In welcher Höhe erfolgt die Vergütung?

  • Für konservierend-chirurgische Behandlungen wird grundsätzlich ein Entgelt bis zum vollen BVA-Tarif geleistet.
  • Bei prothetischen Leistungen wird der Betrag vergütet, den die BVA ihren Versicherten ersetzt (80 %).
  • Kieferorthopädische Leistungen werden bis zu 50 % des BVA-Tarifes übernommen.
    Die Kosten der "Gratiszahnspange" werden bei Vorliegen der Voraussetzungen (IOTN-Grad 4 oder 5; Behandlungsbeginn bei Vertragskieferorthopäden mit Beginn vor Vollendung des 18. Lj.) zur Gänze übernommen.

 
Wie erfolgt die Vergütung?

  • Bei Versicherten, die ausschließlich über die Wohlfahrtskasse krankenversichert sind, und die sich mit der Krankenversicherungskarte der Wohlfahrtskasse ausweisen, kann die (EDV-)Honorarnote direkt mit der Wohlfahrtskasse abgerechnet werden.

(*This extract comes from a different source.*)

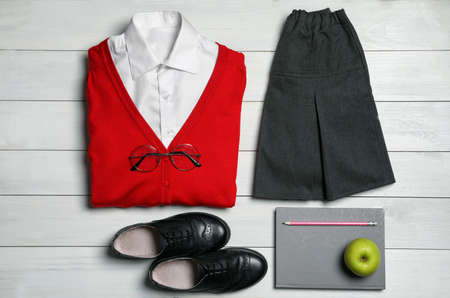Stylish school uniform for girl, stationery and apple on white wooden background, flat layの写真素材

Werden höhere Tarife verrechnet, die den Leistungskatalog der Wohlfahrtskasse übersteigen oder im Leistungsumfang nicht enthalten sind, sind diese Kosten direkt dem Patienten in Rechnung zu stellen.
  • Besteht neben der Wohlfahrtskasse eine weitere Krankenversicherung, sind die Kosten der Behandlung zuerst mit der gesetzlichen Krankenversicherung mittels e-card oder über eine Privathonorarnote zu verrechnen, wobei die Privathonorarnote vom Patienten zuerst zu bezahlen ist. Die bezahlte Rechnung ist dann primär bei der gesetzlichen Krankenversicherung einzureichen und eine "Leistungsbestätigung" anzufordern. Diese Originalbestätigung sowie eine Kopie der Rechnung können bei der Wohlfahrtskasse eingereicht werden.

 
Welche Behandlungen werden nicht vergütet?

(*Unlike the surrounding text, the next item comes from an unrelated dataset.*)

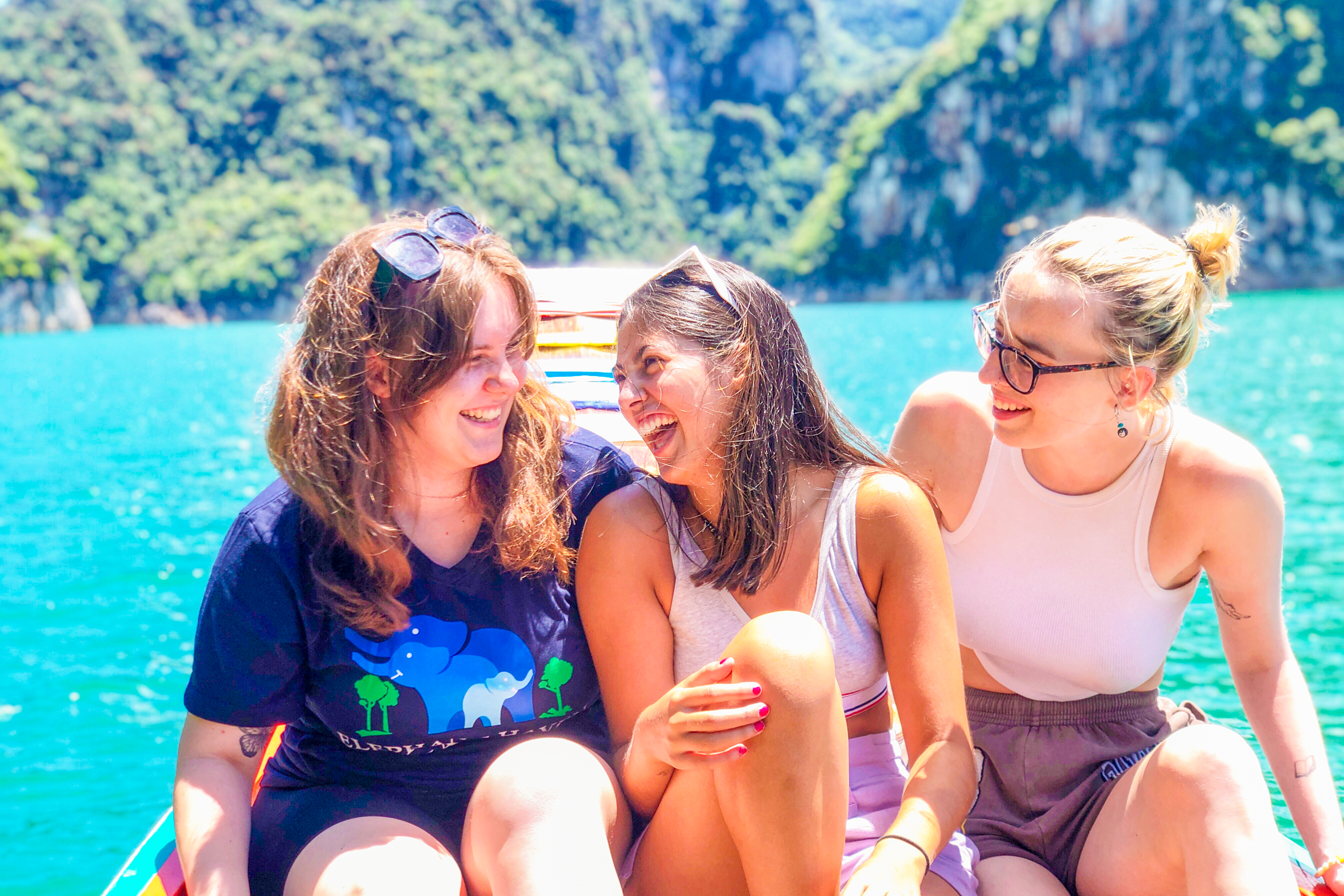 Girls travelling on a long tail boat in Khao Sok National Park, Thailand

Kosten technischer Leistungen werden nicht übernommen. Die Verrechnung erfolgt direkt mit dem Patienten.
Die Behandler sind jedenfalls angehalten, bei außervertraglichen Leistungen die Autonomen Honorarrichtlinien (AHR) anzuwenden.
 
Was ist vom behandelnden Arzt zu beachten?

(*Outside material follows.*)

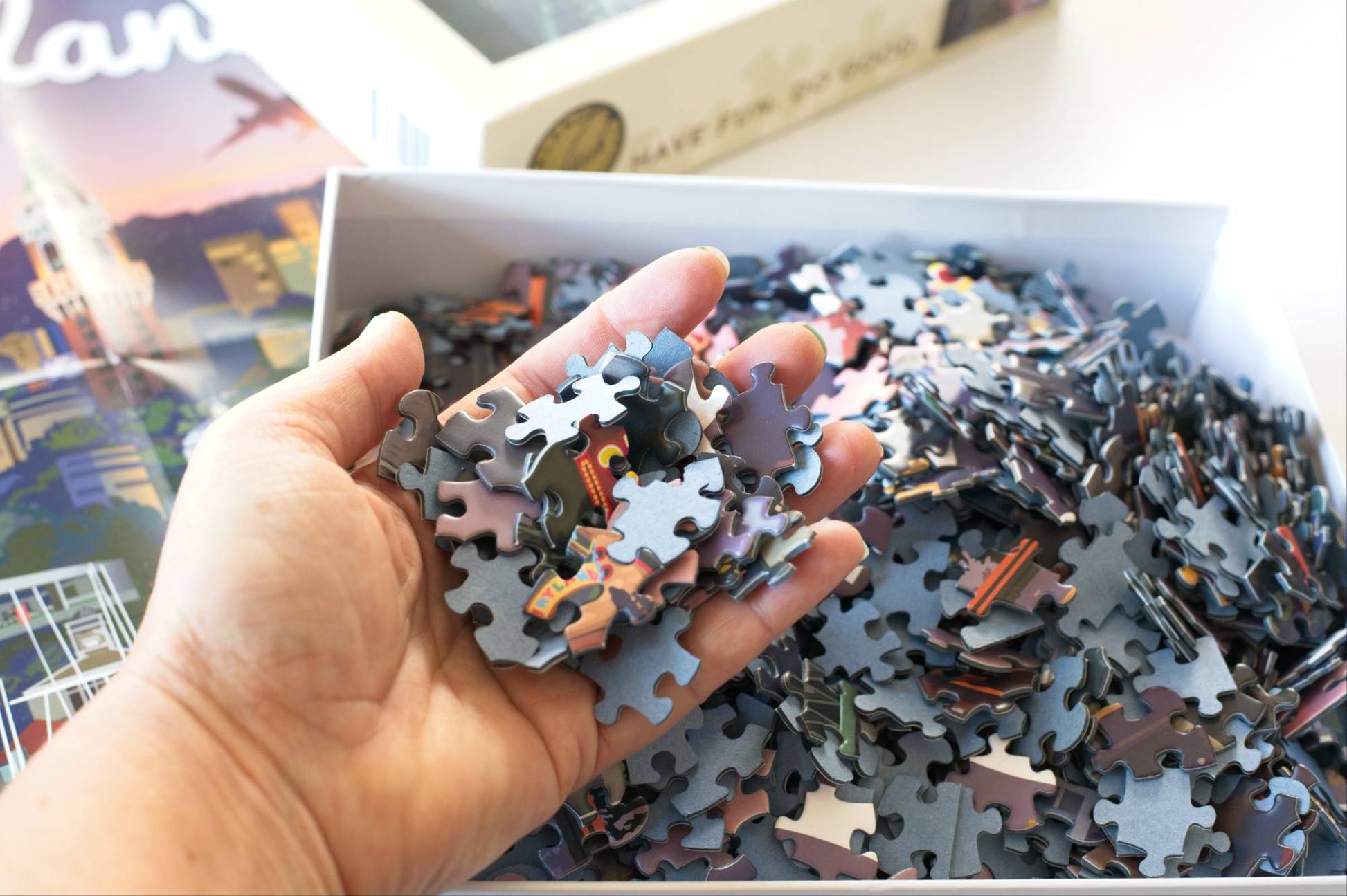 Hand holding puzzle pieces with an open box of puzzle pieces in the background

Für die Abrechnung (aus zuvor angeführten Gründen) ist es von grundsätzlicher Bedeutung, ob der über die Wohlfahrtskasse versicherte Patient ausschließlich bei dieser versichert ist, oder ob auch ein anderer Krankenversicherungsschutz besteht.
 
Die konkrete Höhe der Tarife, welche die Wohlfahrtskasse für eine Behandlung vergütet, finden Sie im Infocenter zum Download.
 
Keine Vergütung kann für die Ausgleichszahlungen im Zusammenhang mit dem Wegfall der Umsatzsteuer erfolgen, da diese Kosten im Gegensatz zu anderen Sozialversicherungen von der Wohlfahrtskasse, und damit wieder von den beitragspflichtigen Mitgliedern getragen werden müssten.
 
Wichtige Informationen für mehrfach krankenversicherte Mitglieder und Angehörige
Wenn Sie bzw. die Angehörigen neben der Wohlfahrtskasse auch gesetzlich krankenversichert sind, (OÖ. GKK, Landeskrankenfürsorge, Bauernkrankenkasse, ...) wird ein reduzierter Beitrag vorgeschrieben, da durch die Inanspruchnahme der gesetzlichen Krankenversicherung der Krankenpflegehilfe Kosten erspart werden.
 
Aus diesem Grund besteht gem. § 28 Abs. 4 die Verpflichtung, primär die gesetzliche Krankenversicherung in Anspruch zu nehmen. Eventuelle Restkosten können eingereicht werden.